* Data section *
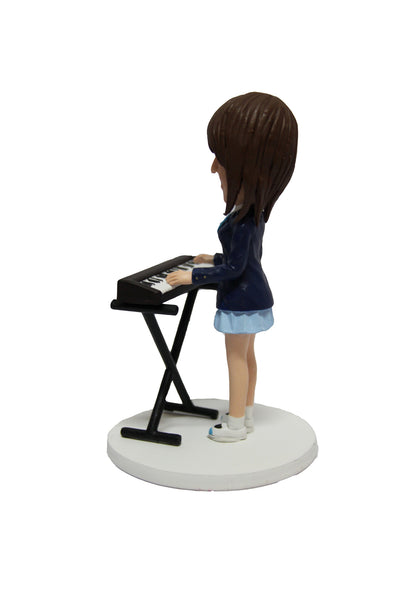 Pianist Girl - Miniyou  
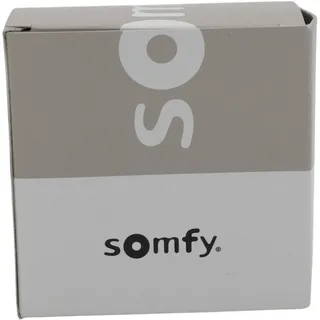 SOMFY Smoove Origin io Rollladen-Funkwandsender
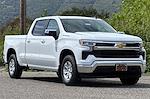 New 2025 Chevrolet Silverado 1500 LT Crew Cab Pickup for sale #250836 - photo 1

* Description of the task *
A word-for-word repeat of the lines from the line with "SOMFY Smoove Origin" to the last line of the data, both ends included and pictures left out, is all that should appear.

* Answer section *
 SOMFY Smoove Origin io Rollladen-Funkwandsender
 New 2025 Chevrolet Silverado 1500 LT Crew Cab Pickup for sale #250836 - photo 1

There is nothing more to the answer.